Transaction Execution

The Stellar adapter uses an execution strategy pattern similar to the EVM adapter to handle transaction submissions.

Supported Strategies

1. EOA (Externally Owned Account): Uses the connected Stellar wallet (via Stellar Wallets Kit) to sign and submit Soroban transactions directly.
2. Relayer: Uses the OpenZeppelin Relayer service to submit transactions. The adapter exposes a StellarRelayerOptions React component to configure strategy‑specific options in the Builder UI.

The adapter selects the strategy at runtime based on the ExecutionConfig provided by the application.

Configuration in the Builder

The Builder application’s “Customize” step passes an ExecutionConfig into the execution capability’s transaction flow (signAndBroadcast on the runtime’s execution capability for transactor-style profiles).
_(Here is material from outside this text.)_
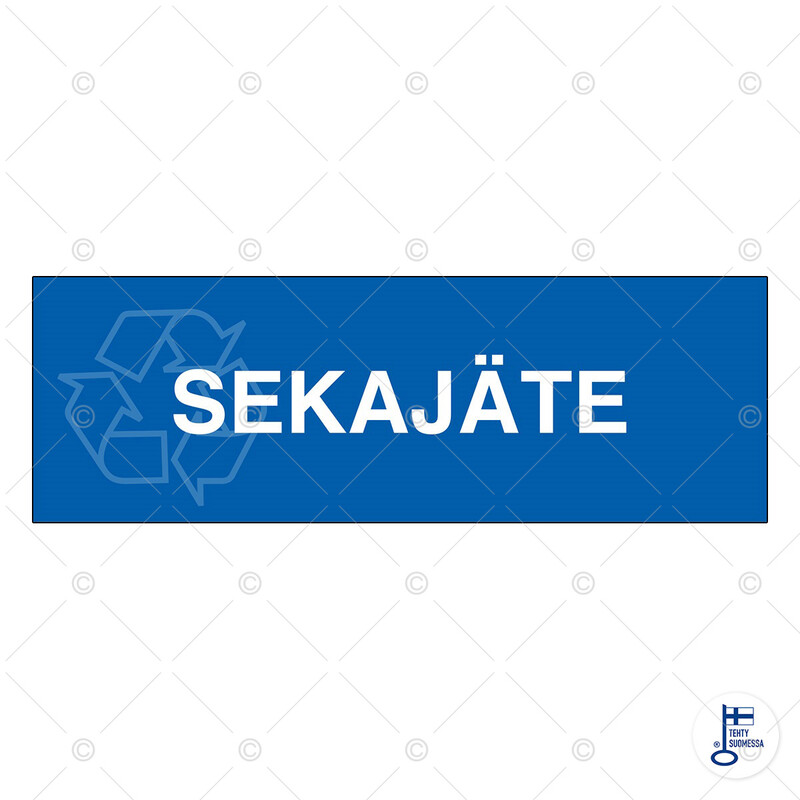 Jäteastian merkintätarra &quot;Sekajäte&quot;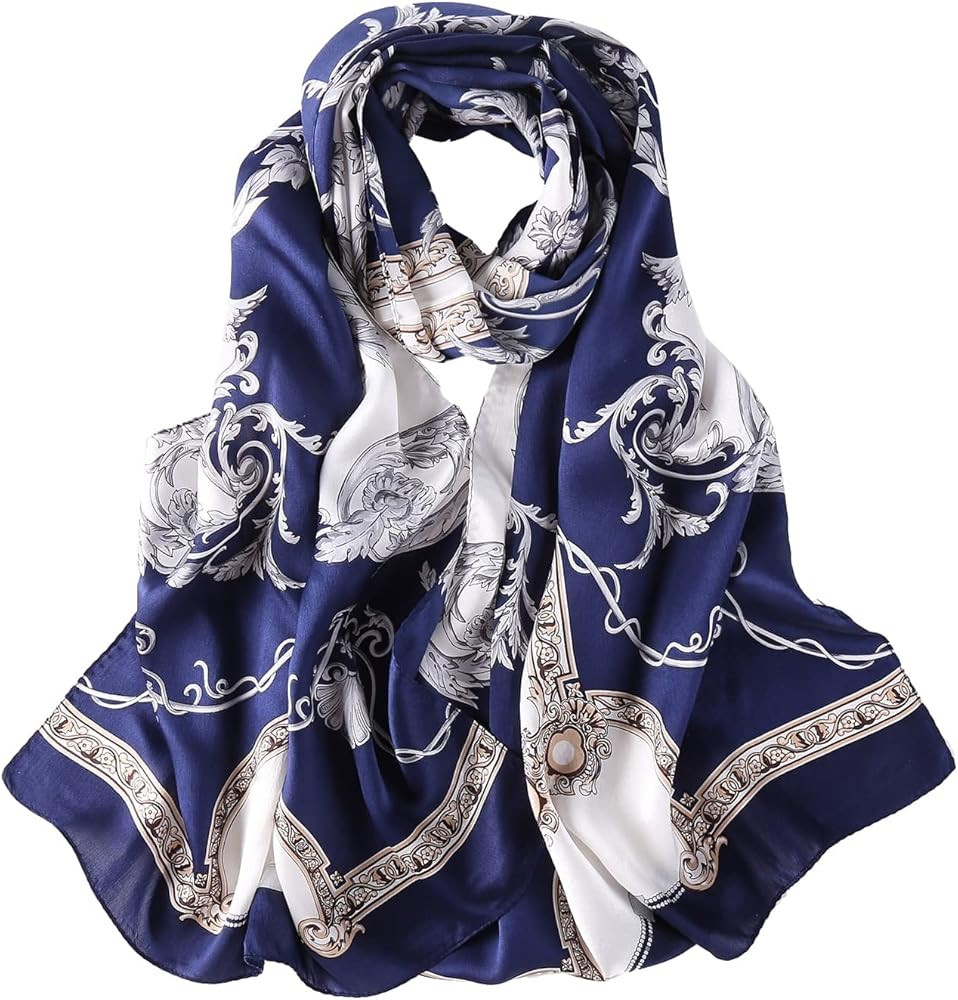 Long Charmeuse Silk Scarf Floral and Graphic Print | Amazon (US)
The implementation uses a factory to instantiate the appropriate strategy and reports live status updates via the provided onStatusChange callback.

Access Control Support

The Stellar adapter includes first-class support for OpenZeppelin Access Control and Ownable contracts through a dedicated service module.

Features

• Feature Detection: Automatically detects contracts implementing AccessControl, Ownable, or both
• Role Management: Query current roles, grant/revoke roles, check permissions
• Ownership Management: Transfer ownership, query current owner
• Dynamic Role Discovery: Automatically discover role IDs via indexer when not explicitly provided
• Historical Queries: View complete history of role changes and ownership transfers via SubQuery indexer
• Server-Side Filtering: Filter events by contract, role, account, and limit (when indexer is available)

Role Discovery

Since OpenZeppelin's Stellar contracts don't expose a get_all_roles() method, the adapter supports multiple ways to obtain role identifiers:

1. Explicit Role IDs (Recommended for known contracts)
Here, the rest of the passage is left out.